Александр сделал невыразимое движение плечами. На лице его было «преглупое выражение», сказал бы Пётр Иваныч, что, может быть, и правда, но зато сколько счастья в этом глупом выражении!
Они по-прежнему молча смотрели и на воду, и на небо, и на даль, будто между ними ничего не было. Только боялись взглянуть друг на друга; наконец взглянули, улыбнулись и тотчас отвернулись опять.
– Ужели есть горе на свете? – сказала Наденька, помолчав.
– Говорят, есть… – задумчиво отвечал Адуев, – да я не верю…
– Какое же горе может быть?
– Дядюшка говорит – бедность.
– Бедность! да разве бедные не чувствуют того же, что мы теперь? вот уж они и не бедны.
– Дядюшка говорит, что им не до того – что надо есть, пить…
– Фи! есть!

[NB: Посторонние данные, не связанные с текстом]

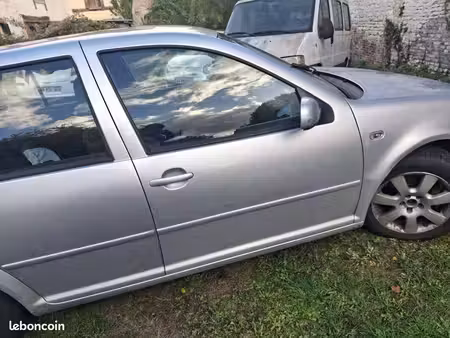 Volkswagen Golf 1.9 TDI 105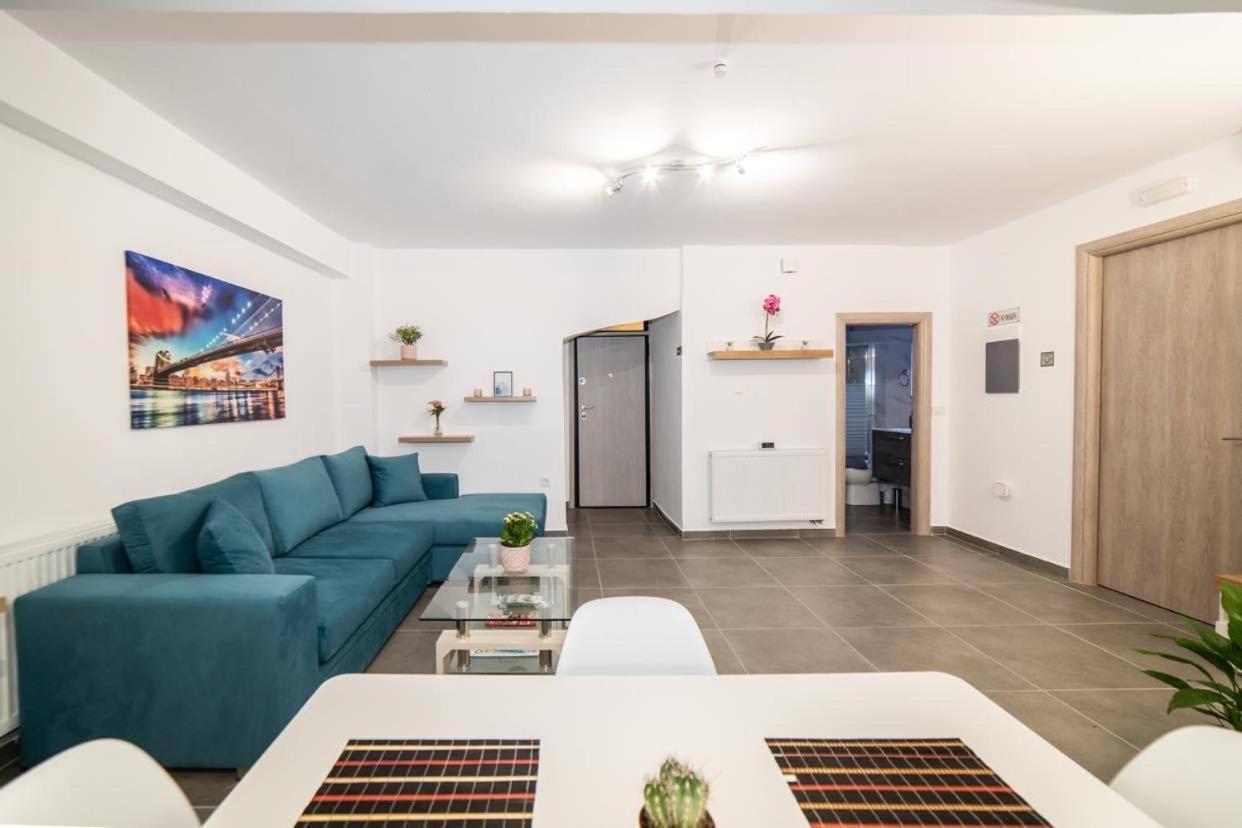 Brand New Aprt With Backyard In Lycabettus Hill ! Daire Atina Dış mekan fotoğraf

Дядюшка ваш неправду говорит: можно и без этого быть счастливыми: я не обедала сегодня, а как я счастлива!
Он засмеялся.
– Да, за эту минуту я отдала бы бедным всё, всё! – продолжала Наденька, – пусть придут бедные. Ах! зачем я не могу утешить и обрадовать всех какой-нибудь радостью?
– Ангел! ангел! – восторженно произнёс Александр, сжав её руку.
– Ох, как вы больно жмёте! – вдруг перебила Наденька, сморщив брови и отняв руку.
Но он схватил руку опять и начал целовать с жаром.
– Как я буду молиться, – продолжала она, – сегодня, завтра, всегда за этот вечер! как я счастлива! А вы?..
Вдруг она задумалась; в глазах мелькнула тревога.